The figure below shows the trace of the field vector Ex = E0exp(i(kz - ωt)), Ey = E0exp(i(kz - ωt + φ)) in a plane perpendicular to the z-axis when looking towards the source.  (E0x = E0y = E0)

1/RXY is a good approximation of the maximum spatial frequency in the image. To capture all information in the image (e.g. with a CCD detector) we must sample at frequency F to avoid “aliasing errors”. This is known as the Nyquist criterion:

Circular polarized lightformula

This is the size of the smallest object the microscope can resolve, sometimes called the diffraction limit, and is also the diameter of the smallest spot to which a collimated beam of incoherent light can be focused. The shape of the spot is an Airy disk or optical point spread function, PSF, characteristic of the system.

The following variation on the Rayleigh criterion provides a definition for spatial resolution SXY of the illumination system:

Circular polarized lightmeaning

Power density, PD in the specimen plane is estimated from the ratio of beam power and area. Spectral transmission and chromatic errors in the microscope objective are critical to performance. To estimate specimen plane PDS, the Mosaic output beam power density is multiplied by the square of the magnification and the systems spectral transmission, T(l).

Circularpolarization example

Translating into the PIP with objective magnification of MO, we can compute the sensor pixel size required to fulfill the Nyquist criterion:

In a fluorescence microscope resolution is dominated by the objective lens which both illuminates and images the specimen. The objective numerical aperture (NA) and the wavelength of detected light (l) define Resolution, RXY by the Rayleigh criterion as follows:

As mentioned above, it is common to match FOV and FOI, but with active illumination other factors such as Power Density (PD) or Resolution may also be important considerations. Mosaic is equipped a 2X zoom laser collimator so you can trade FOI for PD.

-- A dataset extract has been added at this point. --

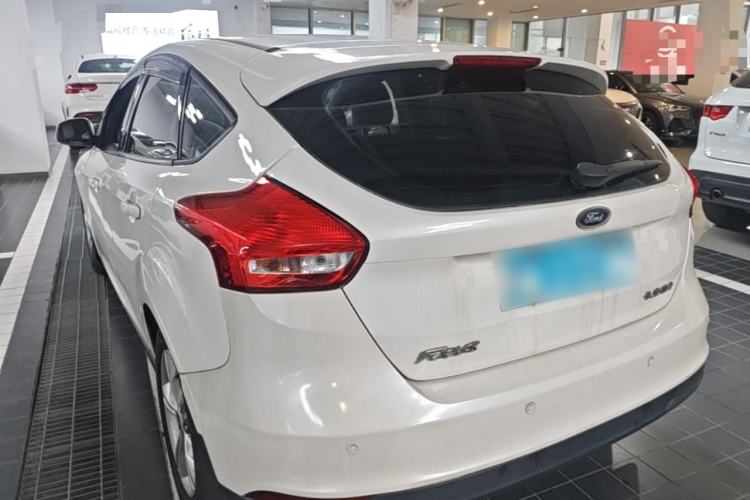 Used Ford Focus 2015 Hatchback 1.6L Automatic Comfort Model Rear Left 45 Deg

When the sun is at a low angle in the sky, the sunlight reflecting off the surface of water is nearly 100% horizontally polarized because the angle of incidence is close to the Brewster angle.  Glare-reducing sunglasses are coated with a polarizer with a vertical transmission axis and therefore block the reflected light.

MicroPoint and FRAPPA use Gaussian laser beams and Gaussian beams remain Gaussian with a theoretical minimum focus spot diameter of l, where l is the wavelength. This can only be achieved if the collimated laser beam fills the objective aperture.

In the PIP, FOV is defined as the extent of the image sensor in X and Y dimensions. For consistency we define FOI as the extent of illumination in the PIP. This is convenient because we can easily calculate overlap between the two.

In the Glan-Taylor polarizing prism shown on the right the rejected (ordinary) ray is absorbed by black mounting material in the prism housing.

Linearly polarized light is a special case of elliptically polarized light.  If the light is linearly polarized, then the two components oscillate in phase,  for example Ex = E0xexp(i(kz - ωt)), Ey = E0yexp(i(kz - ωt)), φ = 0.  The direction of E and the direction of propagation define a plane.  The electric vector traces out a straight line.  For example, E = Ei = E0xexp(i(kz - ωt))i.